In Stevenson v. Reed, 90 Miss. 341, 43 So. 433, decided in 1907, it was said that under this statute a sale for delinquent taxes of an undivided one-half interest in an eighty acre tract was illegal. In Fountain v. Joullian, 110 Miss. 812, 71 So. 2, decided in 1916, it was held that the statute does not authorize a tax collector to apportion the different undivided interests to any number of parties who may claim such interests therein and sell such undivided interests for the delinquent taxes due thereon. The statute itself provides that: ". . . if more than one person shall claim to be the owner of the same tract of parcel of land the assessor shall so state in his assessment roll, and the tax collector shall only collect the taxes on one assessment."

It is beyond dispute that in 1930, when the Legislature enacted Chapter 171 of the Laws of 1930, which now appears as Section 9770 of the Code of 1942, fractional undivided interests in land could not be separately assessed to the respective fractional owners, so that each such fractional owner could have his undivided fractional interest separately assessed to him. Neither could he pay the taxes due only on his fractional interest and in default thereof have the tax collector sell only such fractional undivided interest. It was required by the statute that all of said fractional interests be assessed as a whole, and that the assessor state on the assessment roll that the tract was claimed by more than one person *35 as owner, and the tax collector was required to collect the whole taxes on all the fractional interests under the one assessment. But, in Davidson v. Wallace, 1876, 53 Miss. 475, it was held that where one tenant in common paid the whole taxes on the land to prevent a sale of it, he, or, his assigns, were entitled to and might enforce a lien on the interests of his cotenants for the amount each co-tenant should have paid.

The Legislature knew this status of the law on the assessment of undivided fractional interests in land, at the time it enacted Chapter 171 of the Laws of 1930. They knew that fractional interests in land could not be separately assessed.

The Legislature in 1930 also knew that in Stokely v. State et al., 149 Miss. 435, 115 So. 563, decided in 1927, this Court had held that an oil and gas lease is a conveyance of an interest in land, and that in Moss v.
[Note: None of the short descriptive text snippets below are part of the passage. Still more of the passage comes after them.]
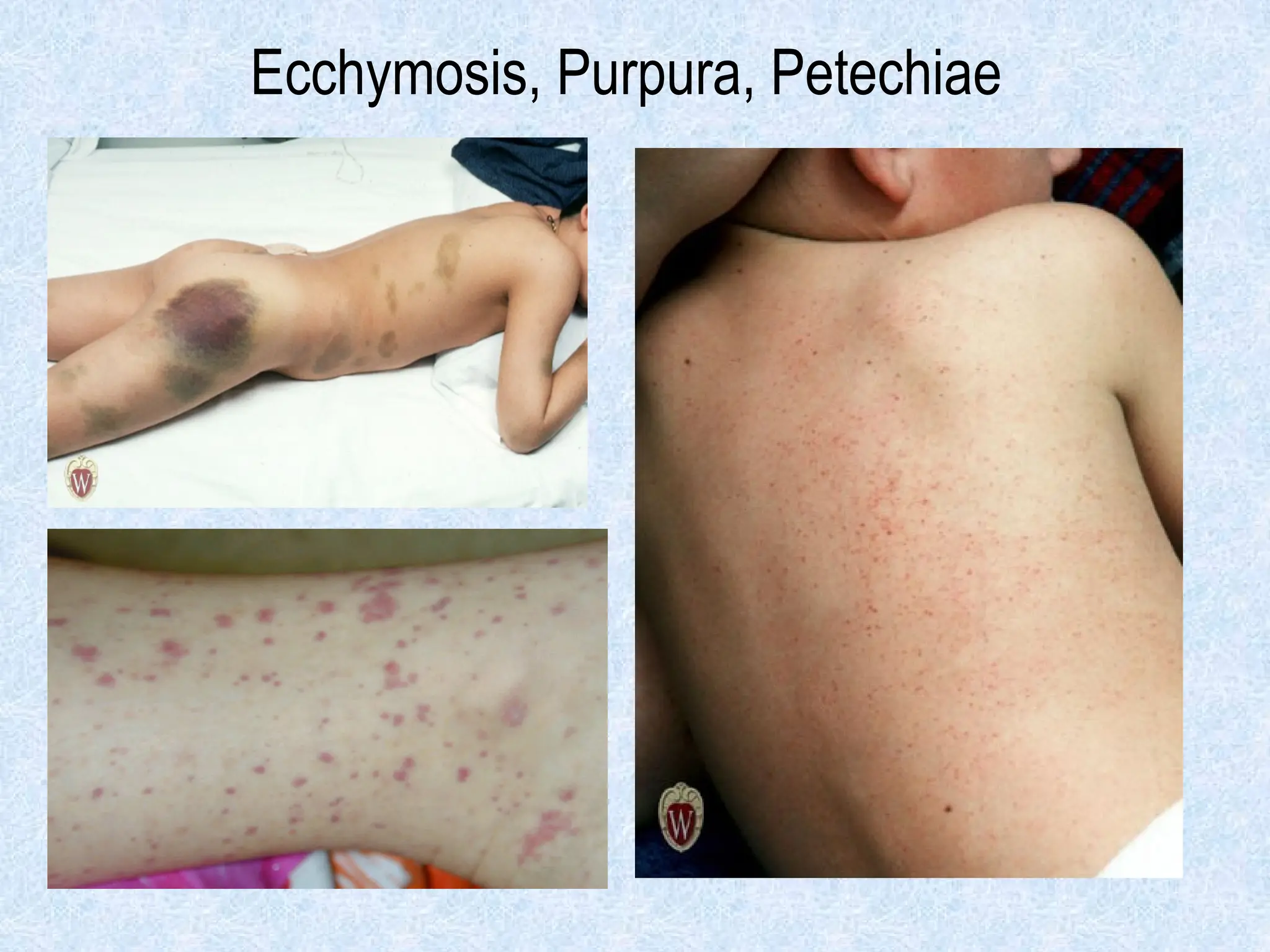 Ecchymosis, Purpura, Petechiae
 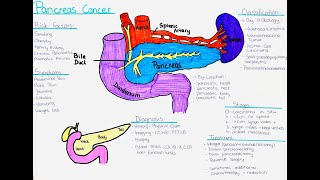 Understanding Pancreas Cancer  Risk factors Symptoms Diagnosis Treatment Classification [upl. by Kirt]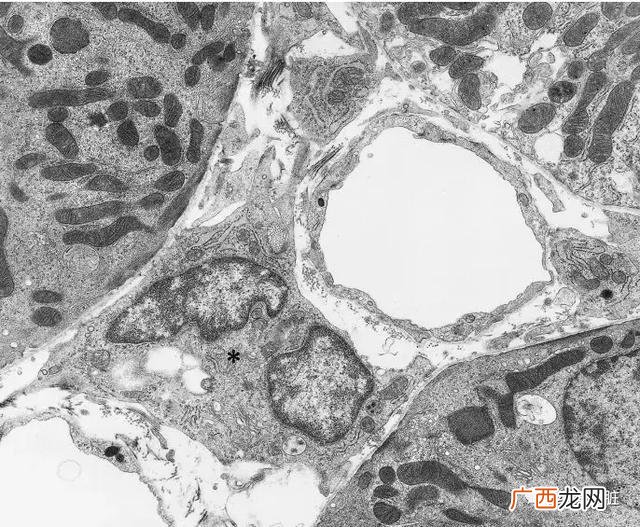 kidney是什么意思,skd与ckd的区别？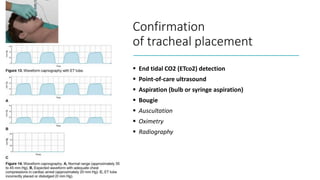 Confirmation
of tracheal placement
 End tidal CO2 (ETco2) detection
 Point-of-care ultrasound
 Aspiration (bulb or syringe aspiration)
 Bougie
 Auscultation
 Oximetry
 Radiography
 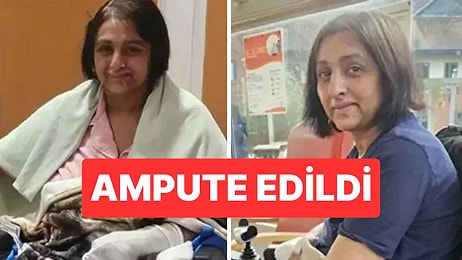 Köpeğinin Teması Sonrası Ağır Enfeksiyon Geçiren Kadın Dört Uzvunu Kaybetti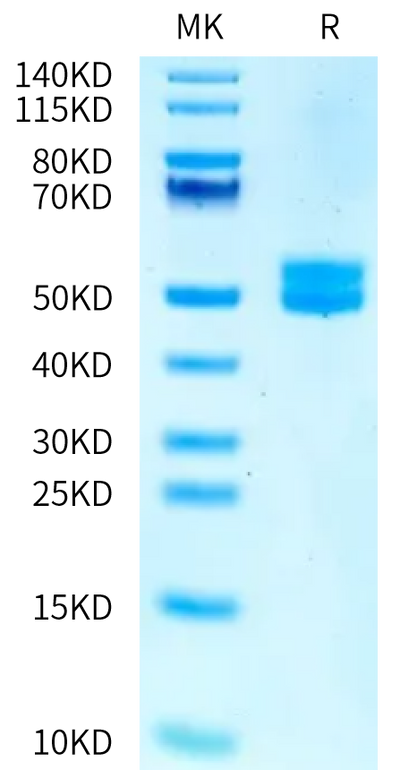 Human MSLN on Tris-Bis PAGE under reduced condition. The purity is greater than 95%.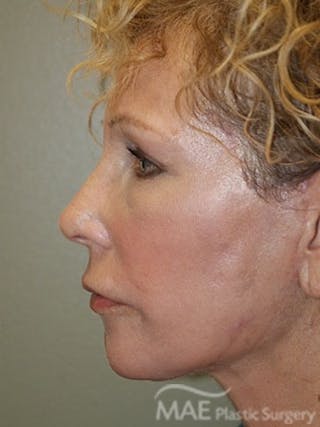 Facelift Before & After Gallery - Patient 391995 - Image 6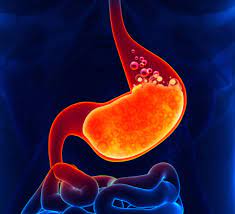 20 Causes Of Burning Sensation In Stomach Natural Home Remedies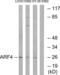 ADP Ribosylation Factor 4 antibody, LS-C119701, Lifespan Biosciences, Western Blot image 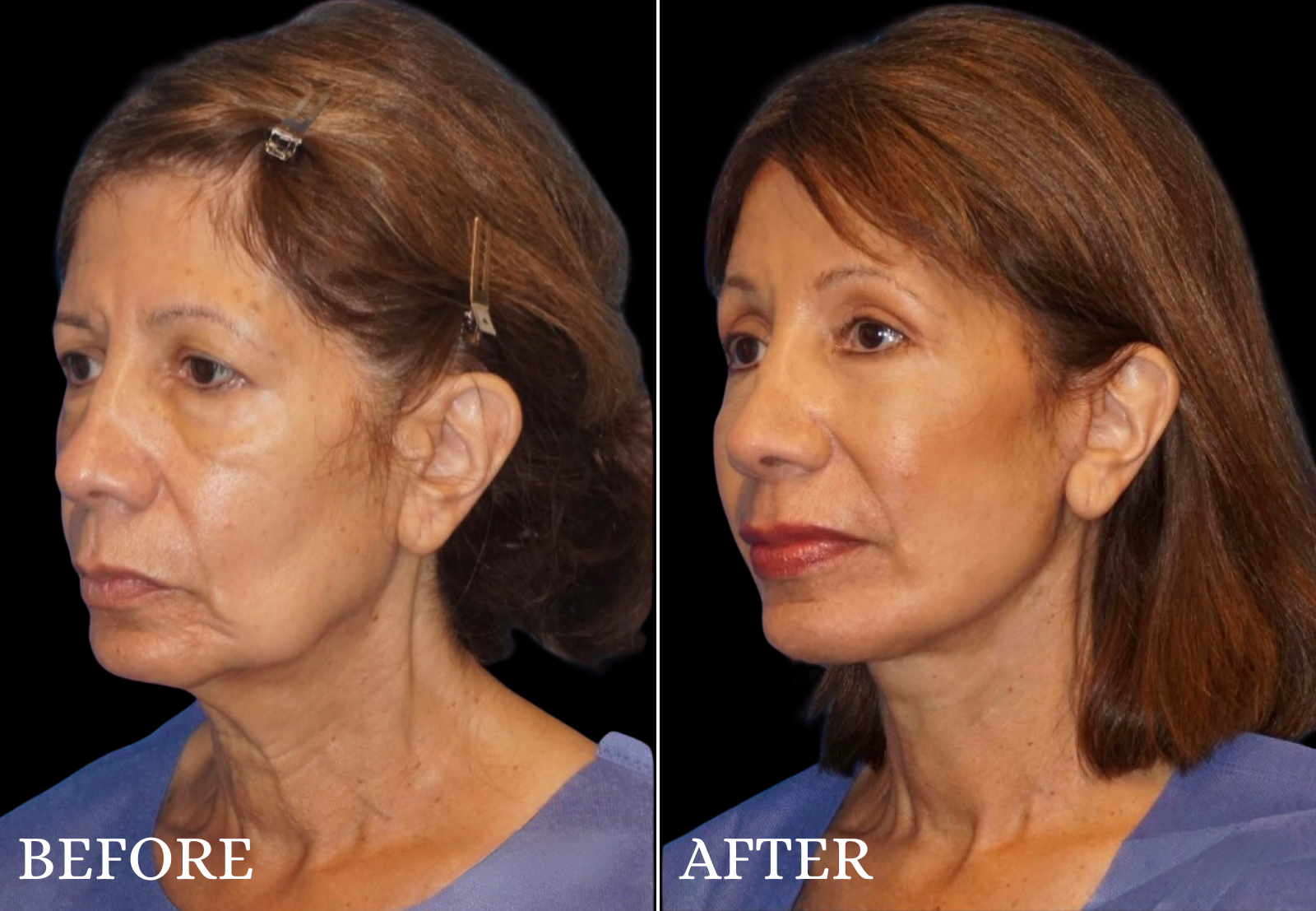Facelift Before & After Gallery - Patient 364998 - Image 4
Jourdan, 129 Miss. 598, 92 So. 689, (decided in 1922) it had been held that minerals in place were capable of separate ownership from the surface of the land and that the owner of such minerals had the right to remove same from the land, subject to claim for such damage as might be thereby occasioned to the owner of the surface.

The Legislature, at that time, also knew that the Amory and Jackson gas fields had been discovered and that large scale buying and selling of mineral interest in lands in said fields was a matter of common daily occurrence. They knew, too, that customarily the owner of the fee would execute a lease to a producing company, conveying an undivided seven-eighths interest in the oil and gas; that the fee owner would reserve an undivided one-eighth interest therein; that frequently the holder of the lease would convey an overriding royalty; that the owner of the fee would convey to purchasers a part of his royalty and these purchasers would split up their purchases in sales to many others, resulting quickly and shortly in large numbers of owners, owning small undivided fractional interests in the minerals. *36

The Legislature also knew that under the law, as it then stood, no individual owner could have his small undivided fractional interest separately assessed to him. They knew that if landowner A had given a seven-eighths oil and gas lease on his lands, to B, retaining a one-eighth royalty and had then sold one-half of his royalty to C, that there would have occurred a severance of the seven-eighth leasehold interest belonging to B and the one-sixteenth royalty interest owned by C, but neither B nor C could have their fractional undivided interest separately assessed to them, but that the whole mineral interest was required by the statute to be assessed as a unit belonging to more than one person and the tax collector was required to make one sale of the whole unit on the one assessment. If John Doe should be the owner of an undivided .0002 interest in the unit, the value of which unit was six hundred thousand dollars, and the taxes due on the whole unit amounted to $18,000.00, then John Doe would find it impossible to have his .0002 interest separately assessed to him at its proportionate value of $120.00, but the whole mineral unit was required by law to be assessed as a unit, and if the taxes were unpaid, the law placed on John Doe the duty of paying the entire tax bill of $18,000.00 on the entire unit in order to avoid the sale of his interest, though on it there was due for taxes only the proportionate sum of $3.60, and then sue his numerous and sundry cotenants for a contribution of the respective amount due proportionately by each of them. He would find it impossible to raise so large a sum and accordingly his interest would be confiscated for taxes.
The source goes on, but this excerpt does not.